A common thread in Wilde’s work, especially his plays, is a distaste for marriage. Wilde’s “clever” characters often criticize the triviality or unhappiness of marriage while praising the art of romance. These characters describe marriage as the end of emotional attachment and the beginning of a tedious and constricting relationship.
For example, when Jack tells Algernon of his plans to marry Gwendolen, Algernon laments that this will ruin the romance between them, saying “there is nothing romantic in proposing” and characterizing marriage as “business.” He champions the uncertainty of romance as its chief appeal and notes that marriage destroys uncertainty. In An Ideal Husband, marriage is talked about as something that can succeed or fail in being fashionable. Married minor characters complain about the dullness of their spouses and comment on the optics of other marriages, while unmarried couples are praised for their artistic romance. Even in Dorian Gray, marriage is depicted as a social expectation rather than an emotional commitment. Harry and his wife divorce after years of happily ignoring one another. Marriage creates a false exterior of emotional commitment that poorly hides the detached relationship between spouses.

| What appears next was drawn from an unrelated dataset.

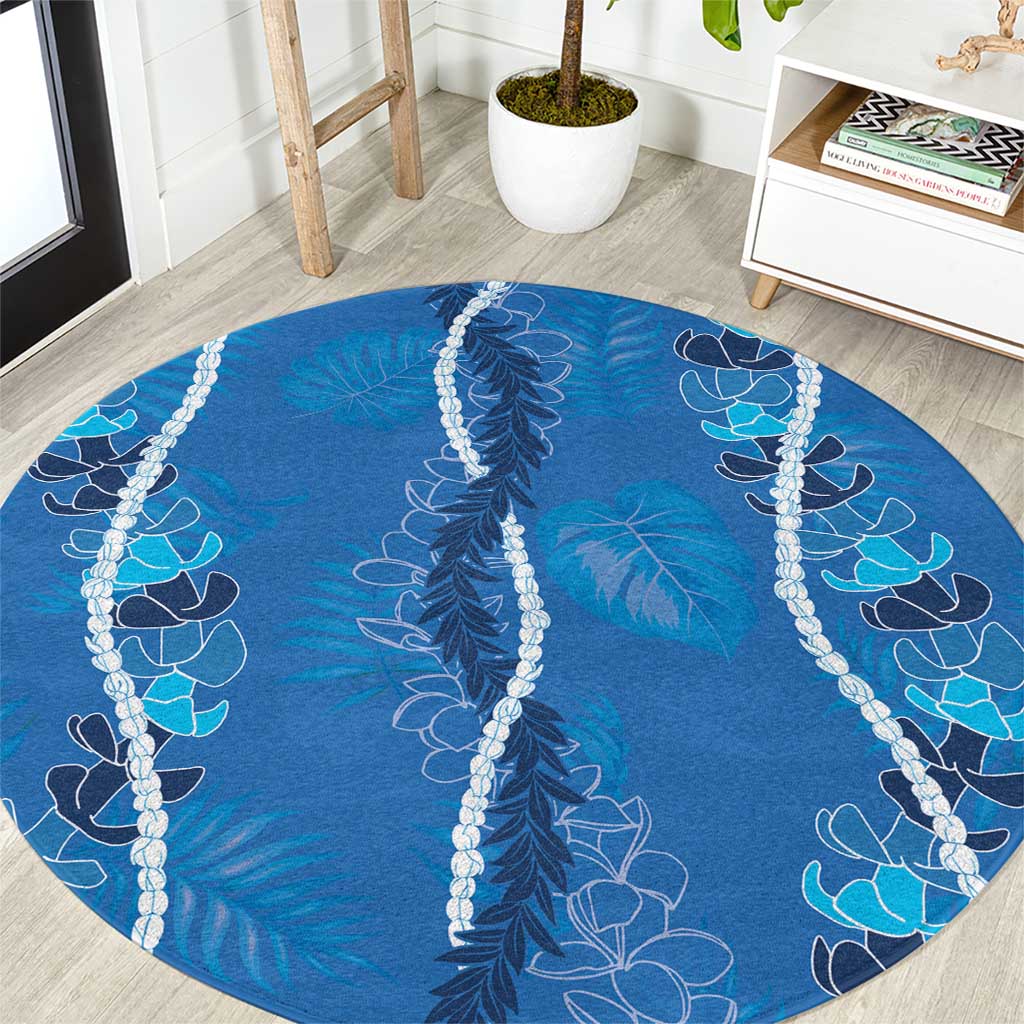 Hawaii Maile Lei Round Carpet With Blue Monstera Pattern LT05 Blue - Polynesian Pride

Given Wilde’s mocking depictions of marriage, I wonder what Wilde truly thought of marriage as an institution, and if that view was influenced by his attraction to men. Though married himself, Wilde’s work may suggest that he saw marriage as a failed institution. This is not to say that his own marriage was unhappy; rather, he found the rules of marriage tedious and suffocating. Considering his extramarital affairs, he may have seen marriage as failing to encompass all passions and romances and purposefully removed passion from marriage in his work. The most passionate relationships that Wilde writes about seem to be outside of marriage (for example, Basil’s commitment to Dorian or Tommy’s repeated proposals to Mabel). Wilde’s attitude towards marriage could be frustration with society’s rigid social structures that made no room for same-sex passions or even heterosexual extramarital affairs.